In Portogallo, il primo ministro, il marchese di Pombal, sostenne una vera e propria campagna di denigrazione contro la Compagnia di Gesù, cercando addirittura di instillare nel pontefice Clemente XIV il sospetto di poter essere avvelenato da un sicario gesuita. Tra le altre cose, "fece persino coniare delle monete con l’effige di un gesuita che si definiva re del Portogallo con il nome di Nicola I". Così, quando nella notte del 3 settembre 1758 il sovrano portoghese rimase leggermente ferito nel corso di un attentato da parte di ignoti, Pombal colse l’occasione per far sopprimere l’Ordine dei Gesuiti, da lui accusati di essere i mandanti. Ne sequestrò poi i beni, ne condannò alcuni a morte ed espulse gli altri dal paese. Similmente avvenne in Francia dove si giunse allo scioglimento dell’Ordine nel 1762. In Spagna invece l’espulsione dei 5000 gesuiti "durò lo spazio di un mattino": molti si imbarcarono su zattere di fortuna per raggiungere Roma ma morirono per mare. La persecuzione si estese ad altri paesi europei, finché papa Clemente XIV, coartato dai potenti dell’epoca, soppresse egli stesso la Compagnia fondata da S. Ignazio, nell’agosto del 1773. Ovunque, naturalmente, le terre e i beni dell’Ordine furono incamerati dagli Stati, che li rivendettero alla ricca borghesia, mentre le scuole gestite dai gesuiti divennero tra le prime scuole statali dell’età contemporanea.
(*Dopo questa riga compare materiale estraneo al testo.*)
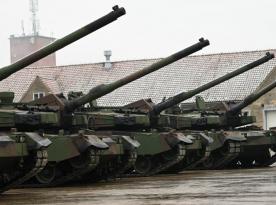 Polish Defense Ministry is About to Go Bankrupt After $66B Arms Deal – Ex-Minister Blaszczak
Se ora facciamo un passo indietro di pochi anni, al 1750, cioè all’epoca in cui è ambientato il film, possiamo comprendere il dramma interiore del cardinale gesuita protagonista: da una parte la sua volontà di salvare le missioni guaranì, dall’altra la paura che un gesto simile avrebbe provocato le ire del marchese di Pombal nei confronti della Chiesa in generale e del suo Ordine in particolare. Ma, come si è visto, il suo cedimento non valse a nulla, perché l’Ordine fu ugualmente travolto e gli indigeni finirono come, nelle corti, si era deciso ( C.Lugon, La rèpublique des Guaranis, Foi Vivante, Paris, 1949; Guido Sommavilla, La compagnia di Gesù, Rizzoli, Milano 1985).